(Crawled caption data)
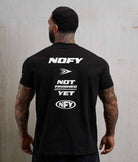 NOFY T-Shirt Herren Schwarz Logo World mit NOFY Logo Backprint, Rückenansicht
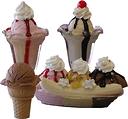 icecream - icecream in glasses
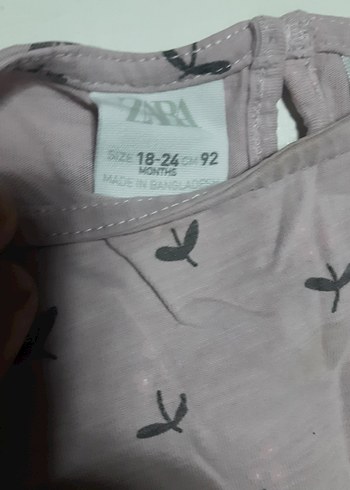 4 adet zara toz pembe Baskılı Uzun Kollu Kız Tişörtü tane 80 tl - Görsel 4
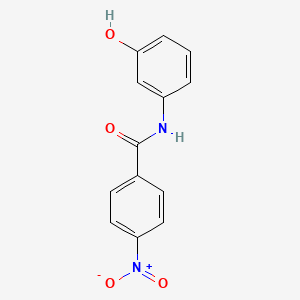 N-(3-hydroxyphenyl)-4-nitrobenzamide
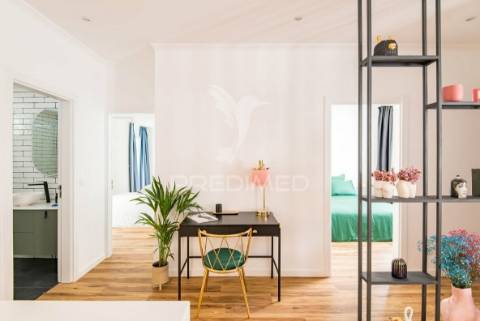 Apartamento t2 com logradouro no centro do funchal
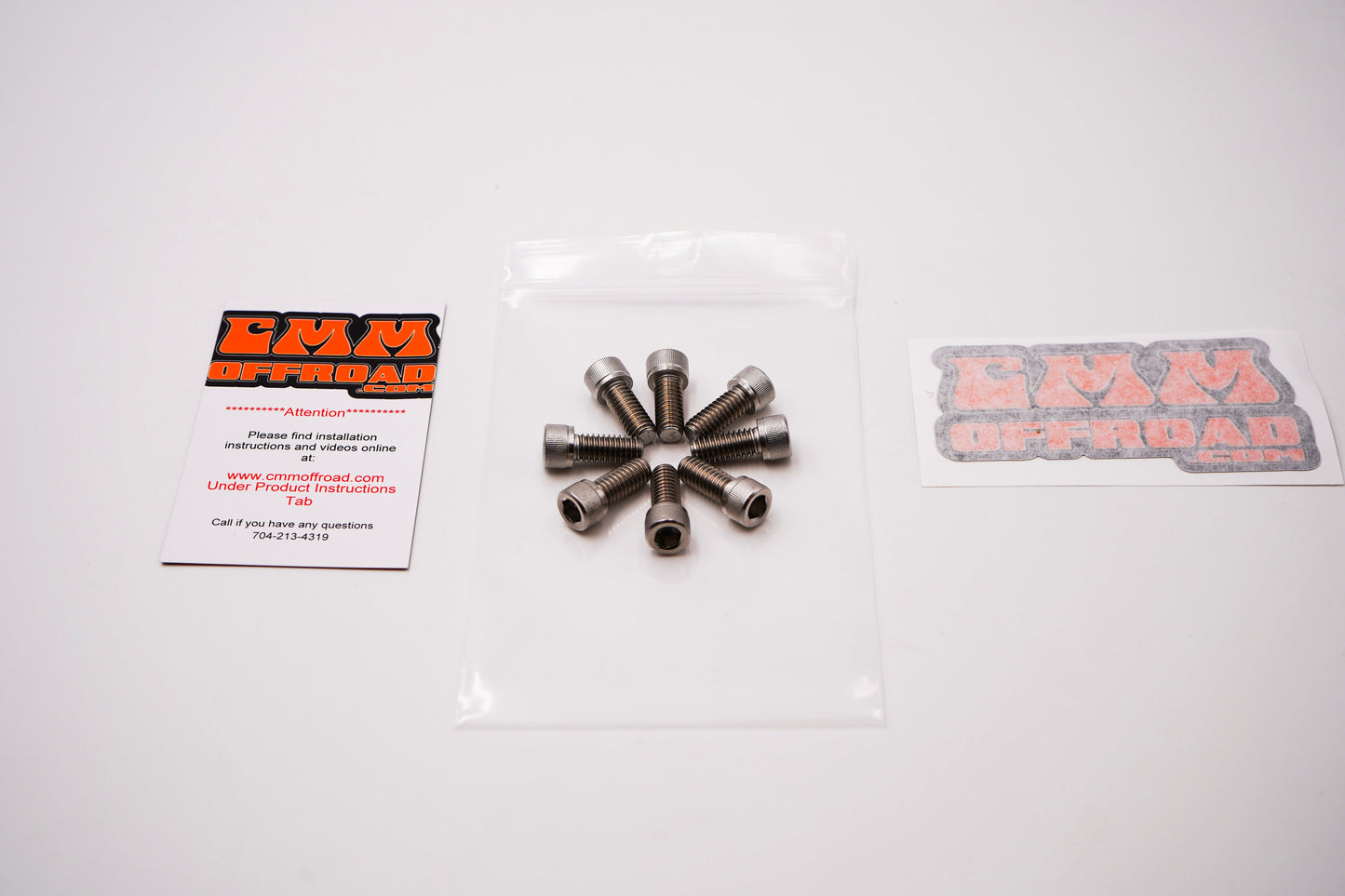 JK / JKU Rear Grab Handle Bolt Pack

## Instructions for the task
Write out word for word every line from the line with "Apartamento t2 com" through the final line of the records, both included, skipping the pictures.

## Answer to the exercise
 Apartamento t2 com logradouro no centro do funchal
 JK / JKU Rear Grab Handle Bolt Pack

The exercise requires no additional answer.